## WHAT IS NEEDED
Would you please reproduce all the entries exactly, leaving the pictures out?

## DATA EXCERPTS
##############################
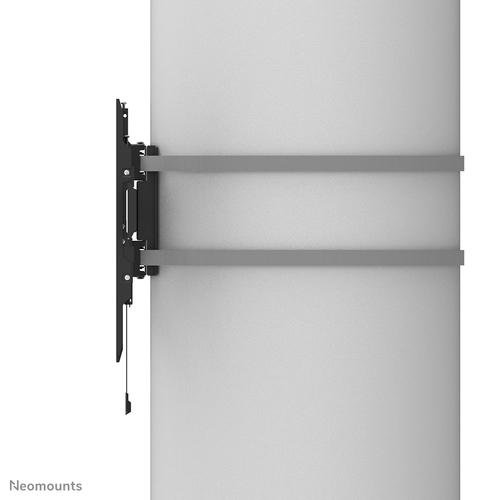 Neomounts WL30S-910BL16 TV-pilaarsteun 40-75" - vlak - vergrendelbaar - diam. 25-100 cm - portrait - Image 4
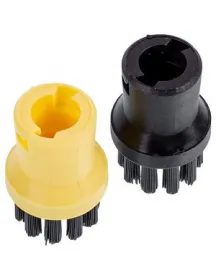 Комплект круглых щеток для пароочистителя Karcher 2.863-264.0 (4 шт)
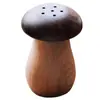 Porta palillos de madera maciza para el hogar, creativo y moderno, caja de palillos de nogal negro de alta gama, estilo Ins, alta estética, estilo japonés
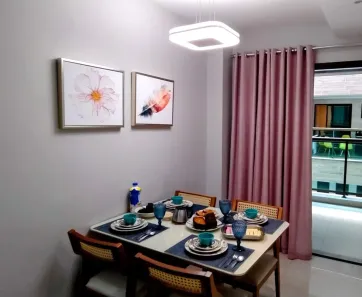 Apartamento com 2 Quartos para alugar, 73m² no Taio, Arraial do Cabo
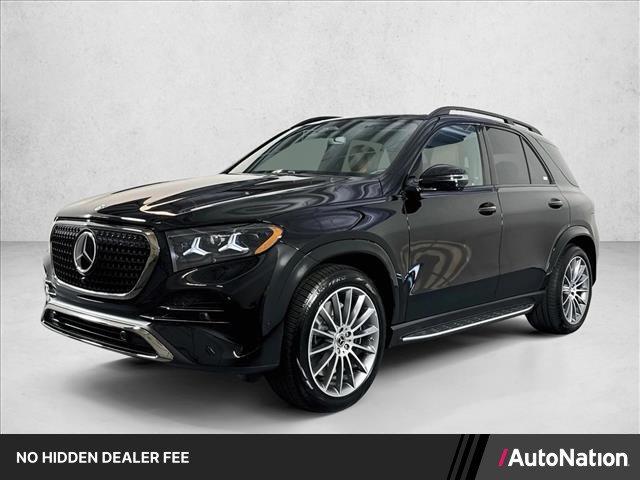 New 2027 Mercedes-Benz GLE 450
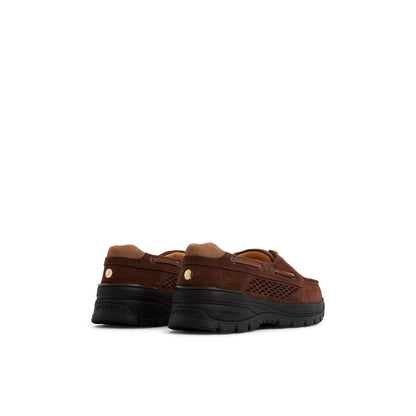 Sperry Gold Cup Billfish Boat Shoe Dark brown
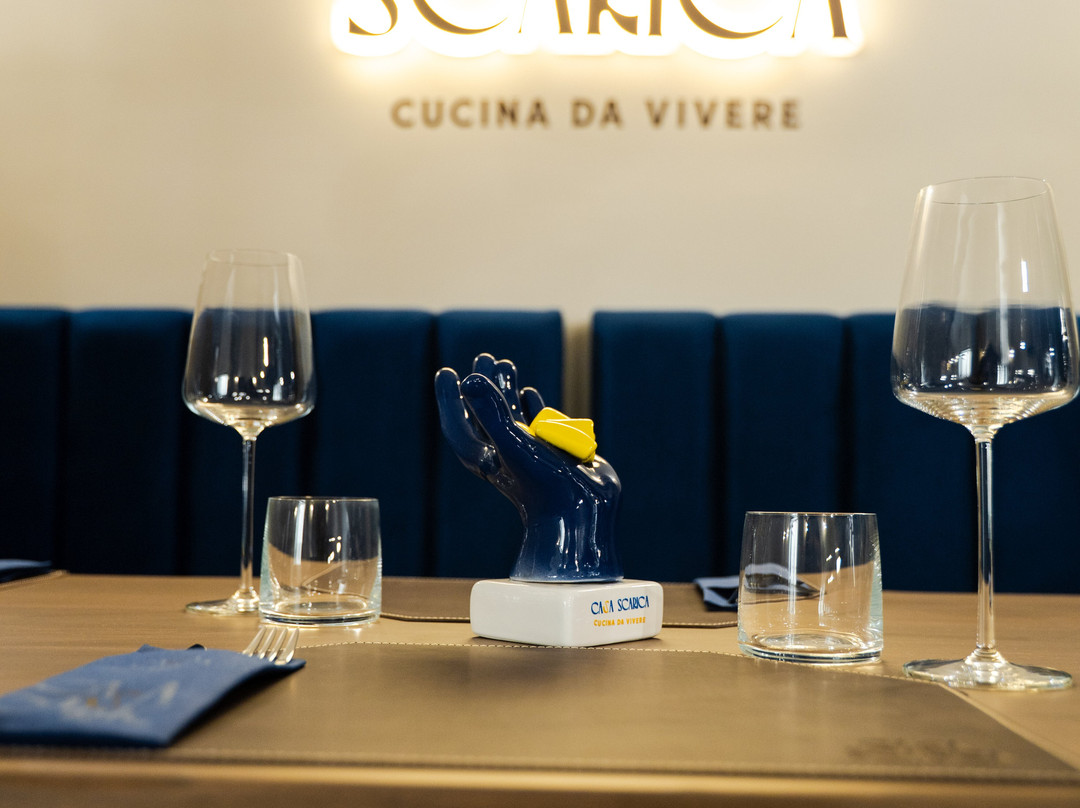 Casa Scarica Cucina Da Vivere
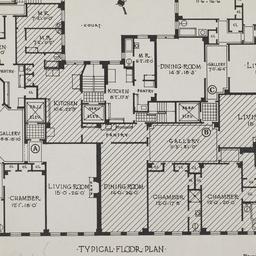 322 Central Park West, Typi...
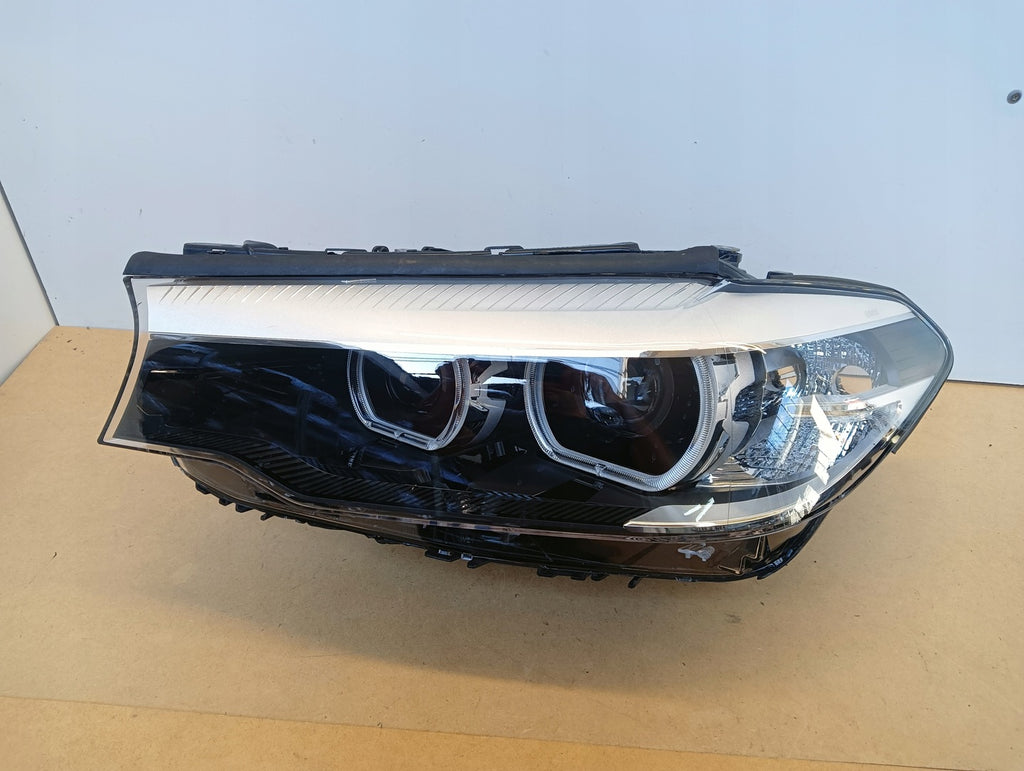 Frontscheinwerfer BMW 5 G31 G30 7439199-01 LED Links Scheinwerfer Headlight SCH5055444019ml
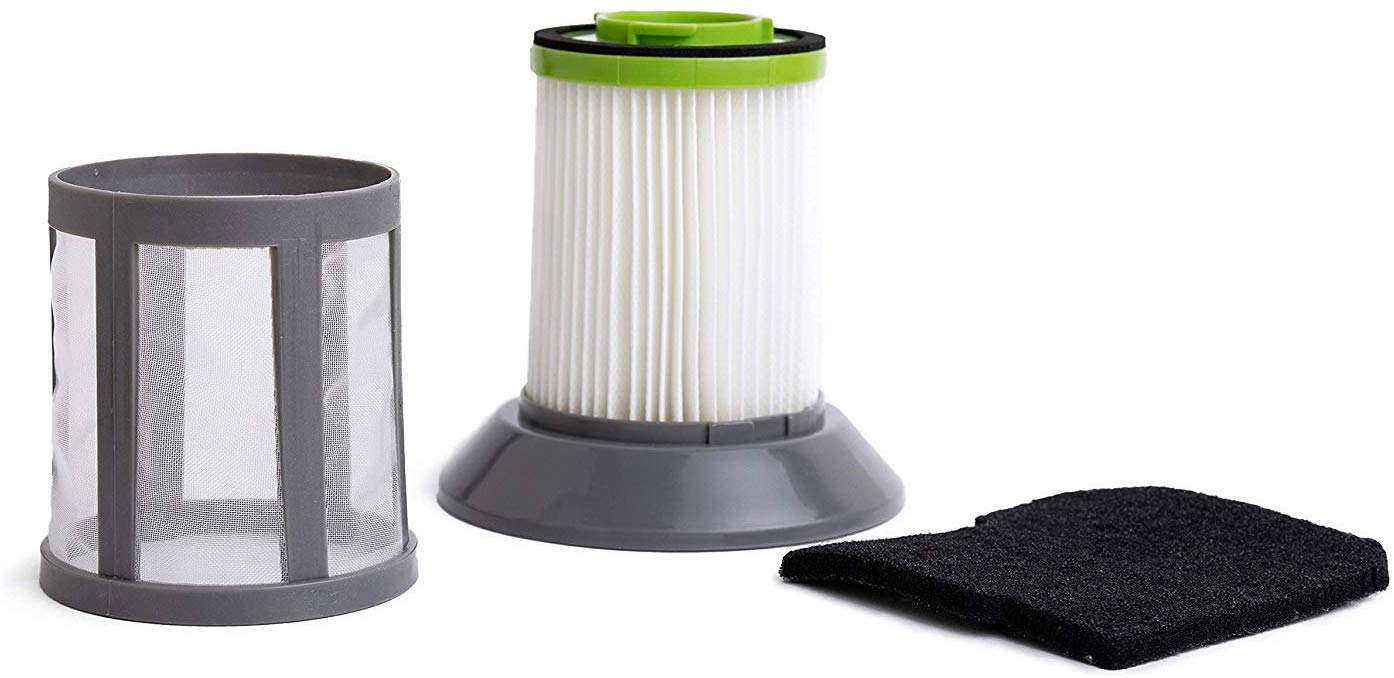 Green Label Filter 1608602 for Bissell Zing Bagless Canister Vacuums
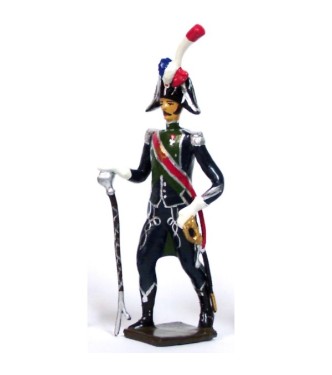 Tambour-Major du 8e Léger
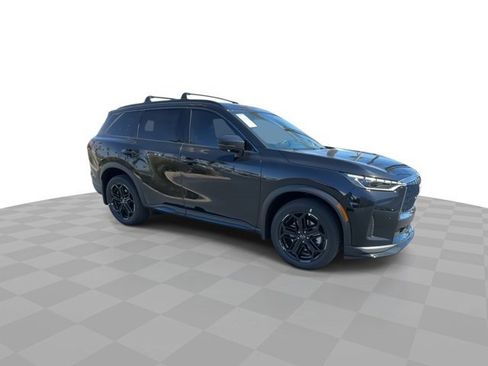 New 2026 INFINITI QX60 Sport AWD/4WD image 2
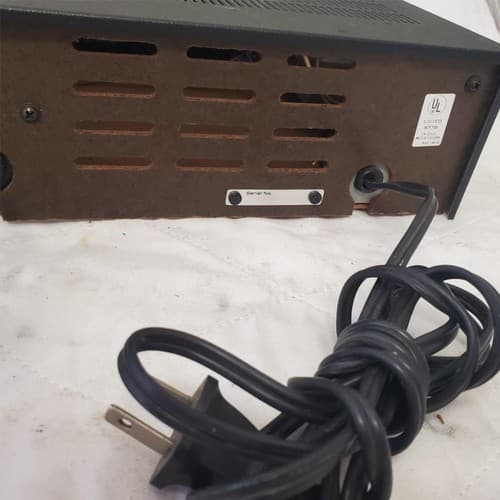 Pioneer TX-410 AM/FM Stereo Tuner - Thumbnail 9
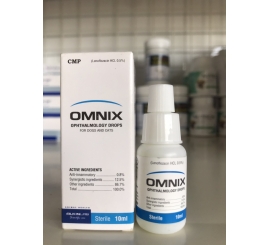 thuốc nhỏ mắt omnix
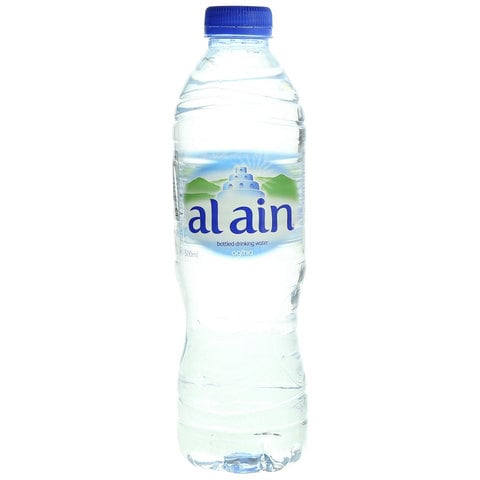 AL ain Water 500ml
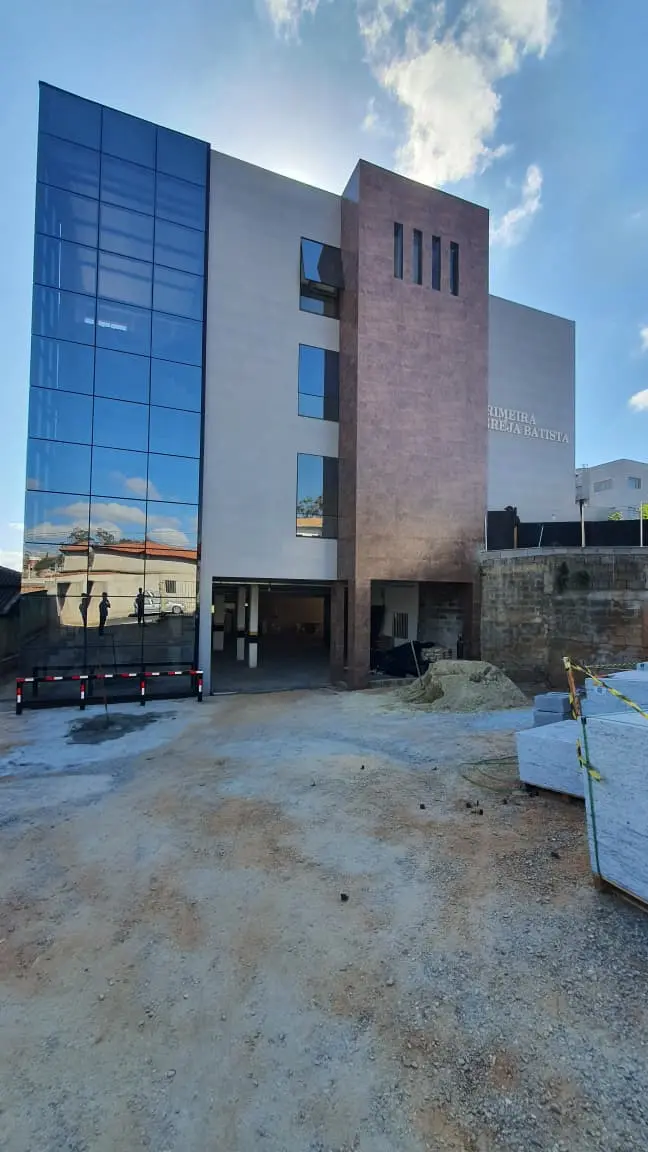 Projeto, Construção e responsabilidade técnica em Sorocaba-SP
##############################
## WRITTEN REPLY
 Neomounts WL30S-910BL16 TV-pilaarsteun 40-75" - vlak - vergrendelbaar - diam. 25-100 cm - portrait - Image 4
 Комплект круглых щеток для пароочистителя Karcher 2.863-264.0 (4 шт)
 Porta palillos de madera maciza para el hogar, creativo y moderno, caja de palillos de nogal negro de alta gama, estilo Ins, alta estética, estilo japonés
 Apartamento com 2 Quartos para alugar, 73m² no Taio, Arraial do Cabo
 New 2027 Mercedes-Benz GLE 450
 Sperry Gold Cup Billfish Boat Shoe Dark brown
 Casa Scarica Cucina Da Vivere
 322 Central Park West, Typi...
 Frontscheinwerfer BMW 5 G31 G30 7439199-01 LED Links Scheinwerfer Headlight SCH5055444019ml
 Green Label Filter 1608602 for Bissell Zing Bagless Canister Vacuums
 Tambour-Major du 8e Léger
 New 2026 INFINITI QX60 Sport AWD/4WD image 2
 Pioneer TX-410 AM/FM Stereo Tuner - Thumbnail 9
 thuốc nhỏ mắt omnix
 AL ain Water 500ml
 Projeto, Construção e responsabilidade técnica em Sorocaba-SP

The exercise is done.